Imagine there’s someone at your organization who is insanely productive. They get as much done as five people combined. Their work is flawless. But there’s only one problem: nobody can stand them.
This is the toxic employee. A piece in the Talent Management & HR site TLNT opens with the following:
Toxic employees don’t care about a company’s goals, nor do they care about building relationships with co-workers. More than just self-centered office bullies, toxic employees are actually strategic and covert.
A 2015 study by Michael Housman and Dylan Minor published by the Harvard Business School defines a “toxic” employee as: “A worker that engages in behavior that is harmful to an organization, including either its property or people.”
The data suggests that toxic employees drive other employees to leave an organization faster and more frequently, which generates huge turnover and training costs, and they diminish the productivity of everyone around them.
None of this surprising for anyone who has ever worked with a jerk. It’s also a key topic of research for Stanford professor Robert Sutton, whose famous book on the topic purposely includes a word in the title that many refuse to repeat.
So why are we bringing it up again? Two big reasons.
1. Bad Behavior Still Dominates Workplaces
Despite the endless efforts of HR departments, workplace consultants, diversity experts, and even harassment-driven legal teams, lots of adults at work still behave like children. If you are part of an organization, there’s a person in your orbit that you simply don’t respect. Maybe you won’t be quick to call them “horrible” but at the least they are ineffective, lazy, easily distracted, or annoying.
We’re not trying to get you hate on your colleagues. Rather, we’re pointing out that individuals are great at identifying people they don’t want to work with and yet organizations keep hiring and promoting them.
And the science explains why. As psychologist Dacher Keltner notes:
While people usually gain power through traits and actions that advance the interests of others, such as empathy, collaboration, openness, fairness, and sharing; when they start to feel powerful or enjoy a position of privilege, those qualities begin to fade. The powerful are more likely than other people to engage in rude, selfish, and unethical behavior.
You might work your way up by being nice, but apparently people tend to be mean once they get there.
2. The Tragic Correlation Between Cruelty and Productivity
If you want to get a lot done and that’s all you care about, here’s one thing you can do: tell other people to go pound sand. Yes, chasing away those who come to you with questions or concerns is bad for your long term relationships and probably for your personal happiness. But if no one else is interrupting you, then you can get quite a bit done.
This is one way in which our culture encourages being curt.
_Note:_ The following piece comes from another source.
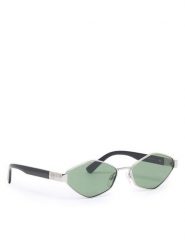 LOVE MOSCHINO Okulary przeciwsłoneczne MOL101/S 208538 Szary. Szare okulary przeciwsłoneczne damskie Love Moschino. Za 679.99 zł.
Because it’s so easy to ask someone else a question with a quick text or instant message, we tend to not try and find things out ourselves. Therefore, those who go into isolation mode have a greater opportunity to concentrate. That’s why being cruel is correlated with being more productive.
Don’t Be a Jerk, and Don’t Allow Them
It’s easy enough to not be a jerk. You learned how to do that a long time ago. But what’s much harder is refuse to tolerate toxic people.
Talk about it with those who you know. Develop your solidarity. Because if you won’t stand up to bullies, who will?